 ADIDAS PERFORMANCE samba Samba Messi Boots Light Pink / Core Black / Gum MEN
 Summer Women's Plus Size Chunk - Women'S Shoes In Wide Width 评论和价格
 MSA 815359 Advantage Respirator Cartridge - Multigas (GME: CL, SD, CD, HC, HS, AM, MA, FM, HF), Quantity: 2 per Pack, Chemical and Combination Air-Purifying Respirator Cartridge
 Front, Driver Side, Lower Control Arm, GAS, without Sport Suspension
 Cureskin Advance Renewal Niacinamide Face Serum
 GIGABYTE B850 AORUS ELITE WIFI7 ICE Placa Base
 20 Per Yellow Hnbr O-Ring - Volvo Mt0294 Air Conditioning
==
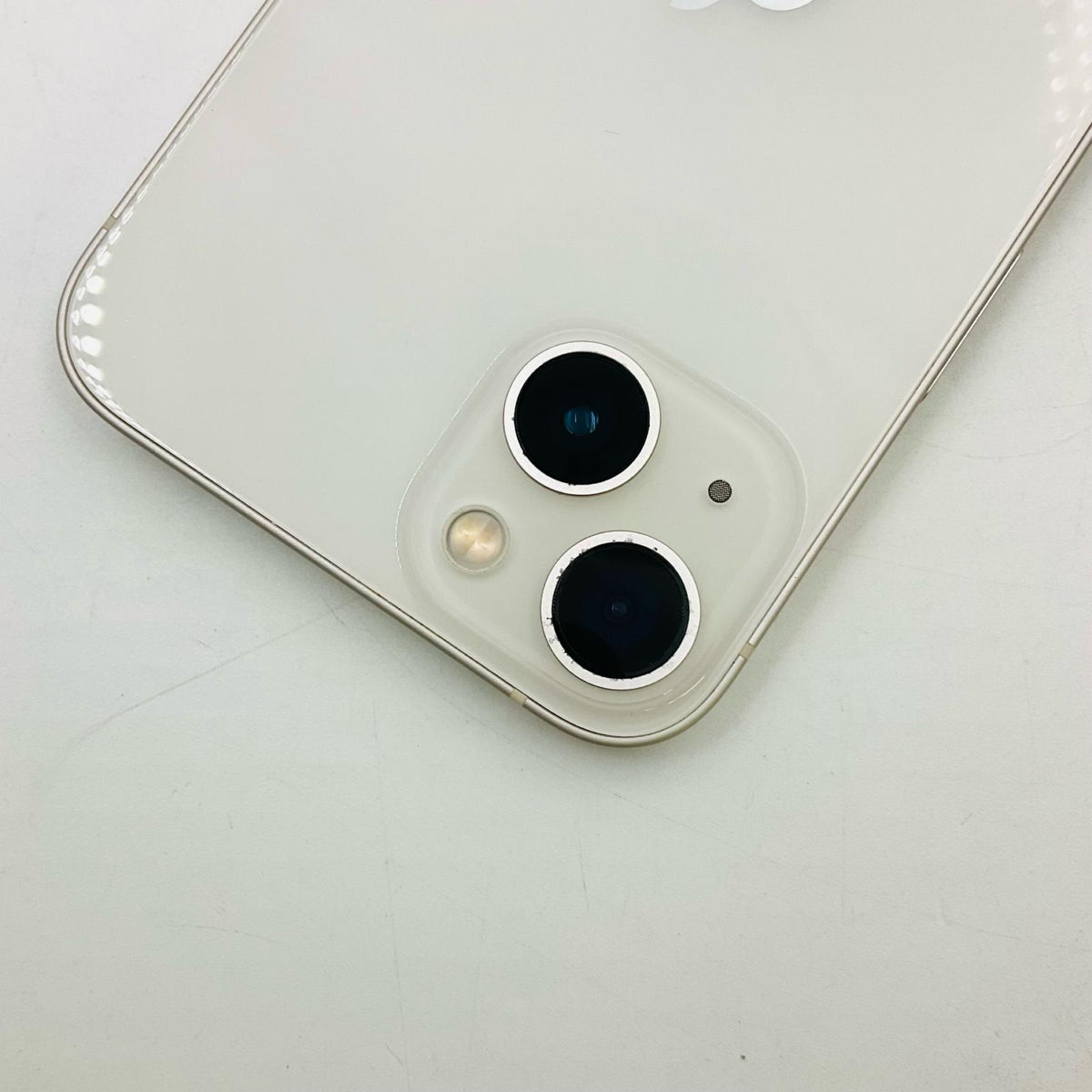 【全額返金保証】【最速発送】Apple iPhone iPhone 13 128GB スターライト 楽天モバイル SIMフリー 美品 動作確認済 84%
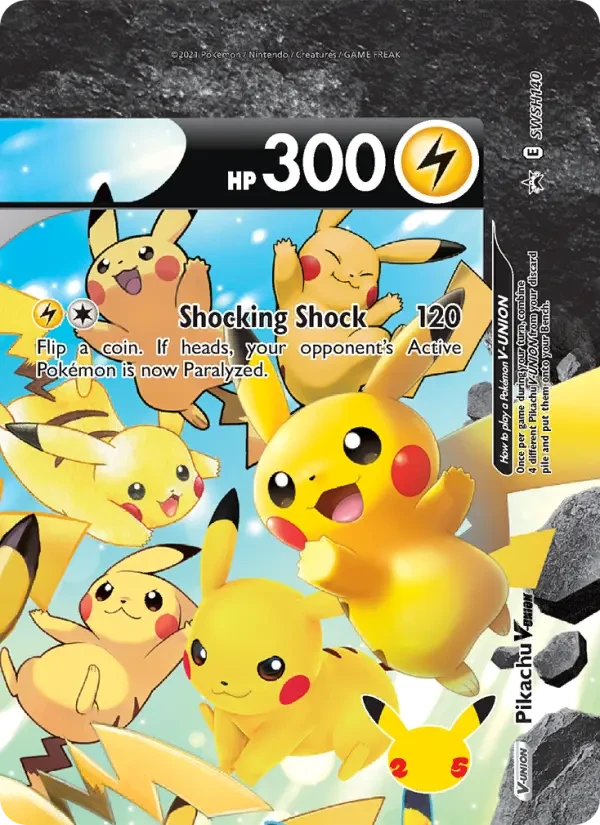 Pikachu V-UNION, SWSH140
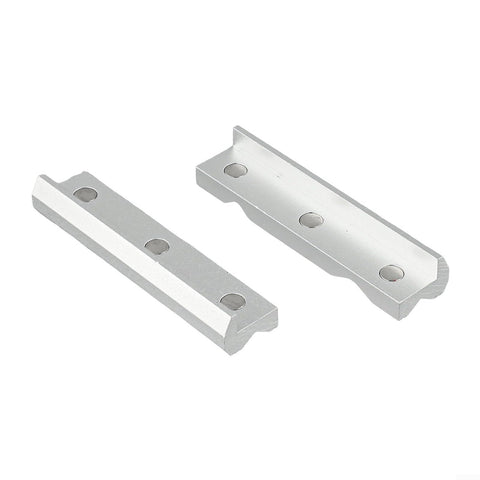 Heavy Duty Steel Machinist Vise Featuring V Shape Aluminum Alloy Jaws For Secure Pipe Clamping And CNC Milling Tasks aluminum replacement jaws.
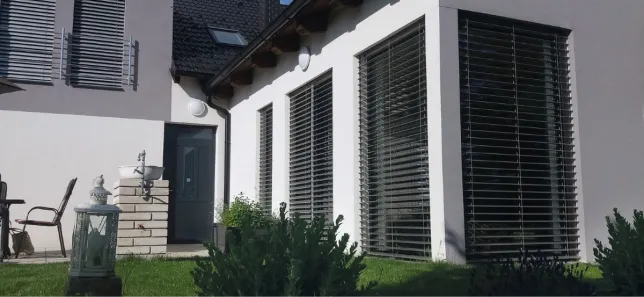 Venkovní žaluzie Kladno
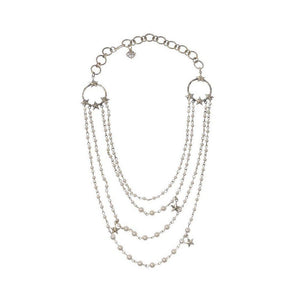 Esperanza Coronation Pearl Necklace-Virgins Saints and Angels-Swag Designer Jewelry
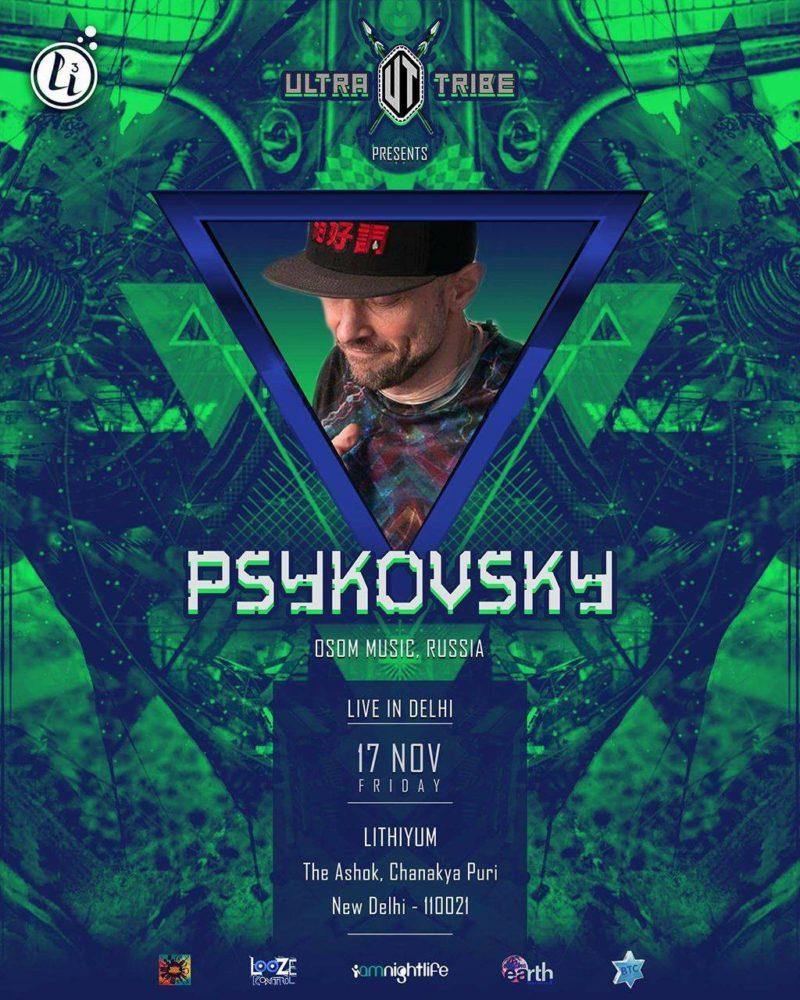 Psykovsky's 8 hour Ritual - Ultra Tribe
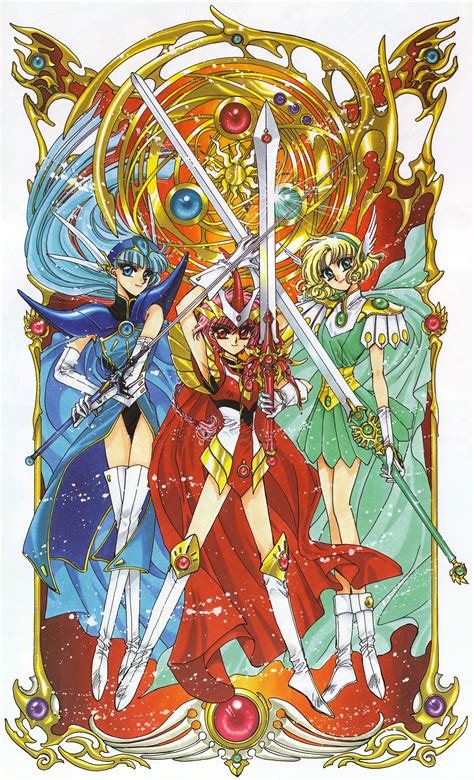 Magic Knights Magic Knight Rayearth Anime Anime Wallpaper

_ABOUT THIS TASK_:
The required output is the stretch of entries above from the line containing "ADIDAS PERFORMANCE samba" through the line containing "20 Per Yellow", reproduced exactly.

_REPLY_:
 ADIDAS PERFORMANCE samba Samba Messi Boots Light Pink / Core Black / Gum MEN
 Summer Women's Plus Size Chunk - Women'S Shoes In Wide Width 评论和价格
 MSA 815359 Advantage Respirator Cartridge - Multigas (GME: CL, SD, CD, HC, HS, AM, MA, FM, HF), Quantity: 2 per Pack, Chemical and Combination Air-Purifying Respirator Cartridge
 Front, Driver Side, Lower Control Arm, GAS, without Sport Suspension
 Cureskin Advance Renewal Niacinamide Face Serum
 GIGABYTE B850 AORUS ELITE WIFI7 ICE Placa Base
 20 Per Yellow Hnbr O-Ring - Volvo Mt0294 Air Conditioning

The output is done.